La sua nuova Coppa dei Campioni è ambiziosa: destrutturare culturalmente il razzismo. Mostrare che chi si mette sopra gli altri è soprattutto ignorante. “Non esiste una gerarchia naturale. Discendiamo tutti dall’homo sapiens, parlare di società multirazziale è sbagliato, caso mai multiculturale. I neri sono stati scienziati, dottori, esploratori, poeti, ricercatori. Ma non ce lo raccontano mai. Hanno inventato tra l’altro il semaforo, l’asciugatrice, la trasfusione di sangue, il floppy disk.
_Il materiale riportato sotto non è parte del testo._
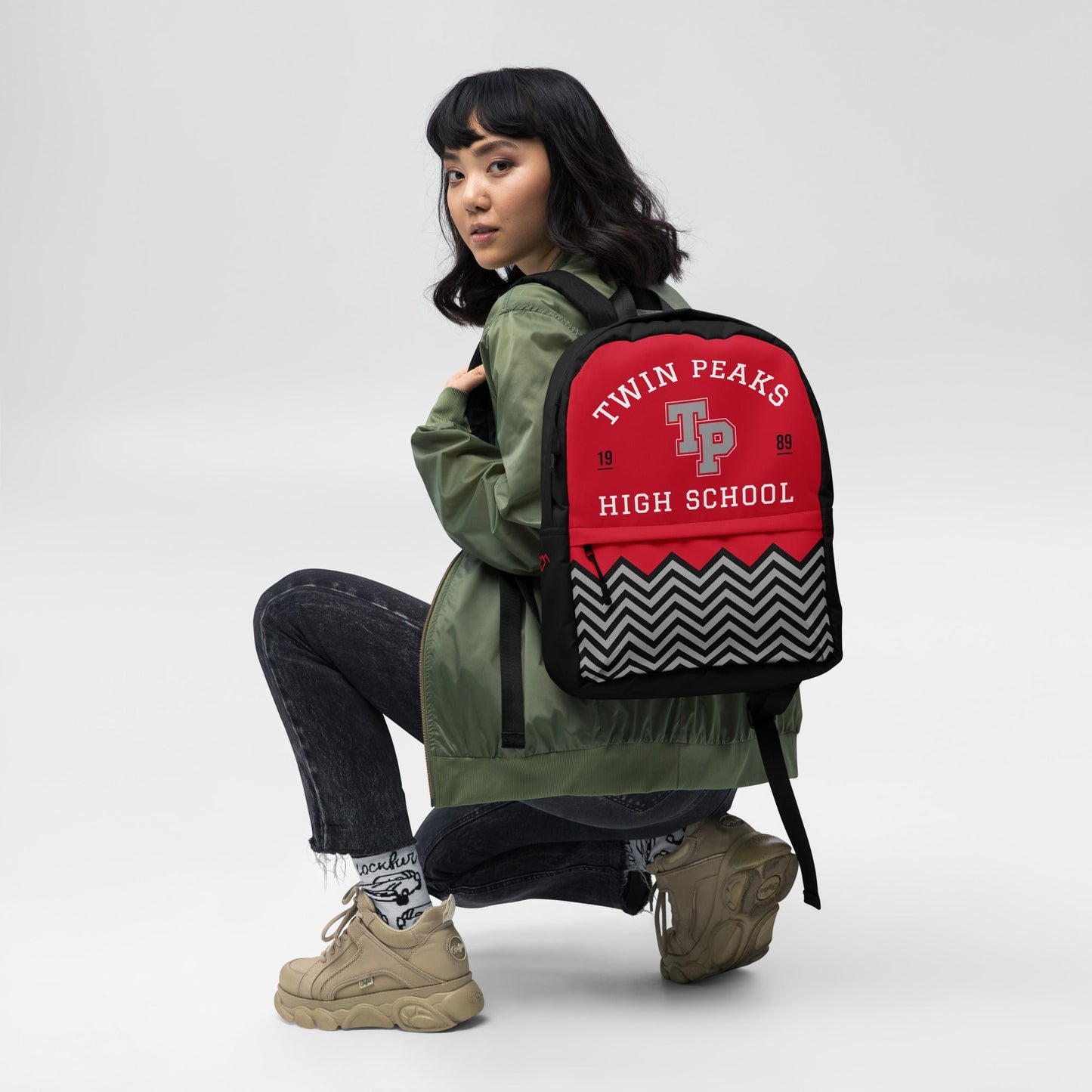 Twin Peaks Backpack High School - Paramount Shop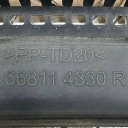 PLASTYK ДВОРНИКОВ ПЕРЕД RENAULT GRAND SCÉNIC IV (R9_) 668114330R 2022  фото 8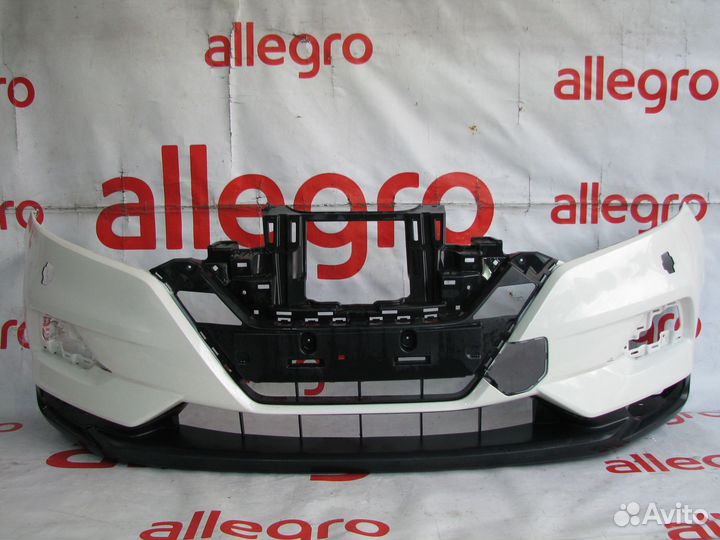 Nissan Qashqai J11 Бампер передний 2019+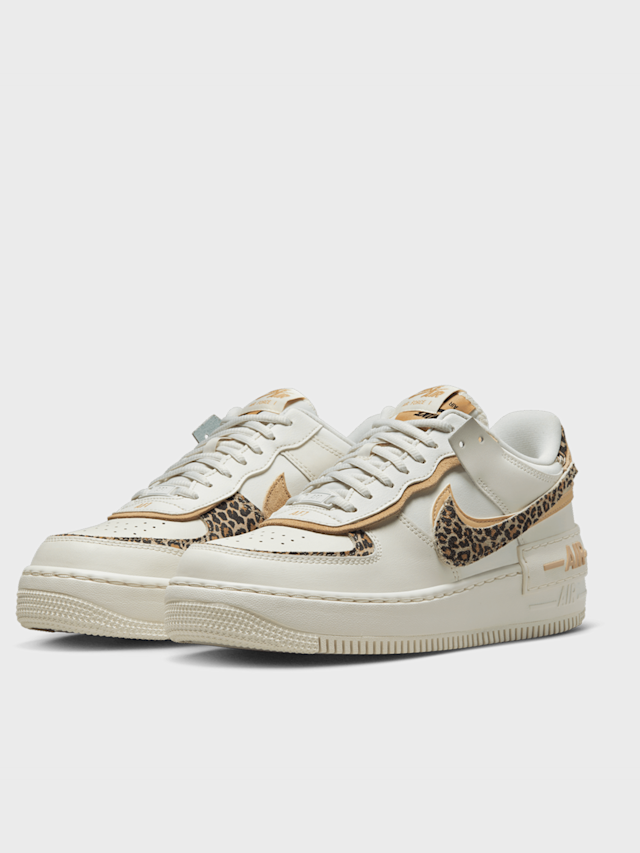 Nike, WMNS Air Force 1 Shadow, beige, Afbeelding 4 van 8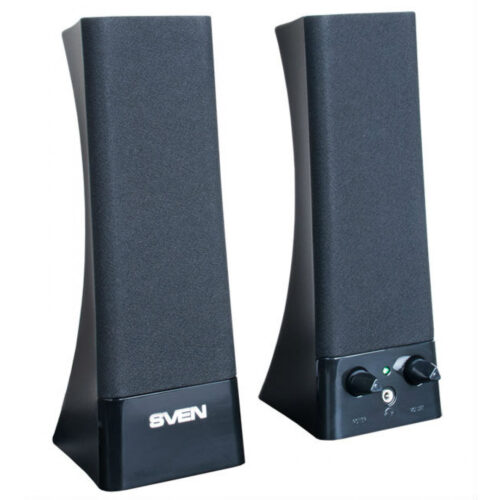 Boxe 2.0 SVEN 300 Black 5w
Da piccolo volevo fare il prete, ho cambiato idea quando ho saputo che non potevano sposarsi. Ho chiamato il mio primogenito Markus in onore del leader giamaicano Garvey e il mio secondo, Khephren, perché i faraoni avevano la pelle scura. Nel 2008 sono stato al funerale di Aimè Cesar, poeta e politico della Martinica. Scriveva che si può continuare a dipingere di bianco i tronchi degli alberi, ma le radici restano nere. Mi sono avvicinato alla bara e gli ho detto: “Può andarsene in pace, perché ha educato un’intera generazione”.
Pochi sono in grado di essere campioni dopo il ritiro dal prato verde, Lilian Thuram è il prototipo di questa nuova specie di calciatore.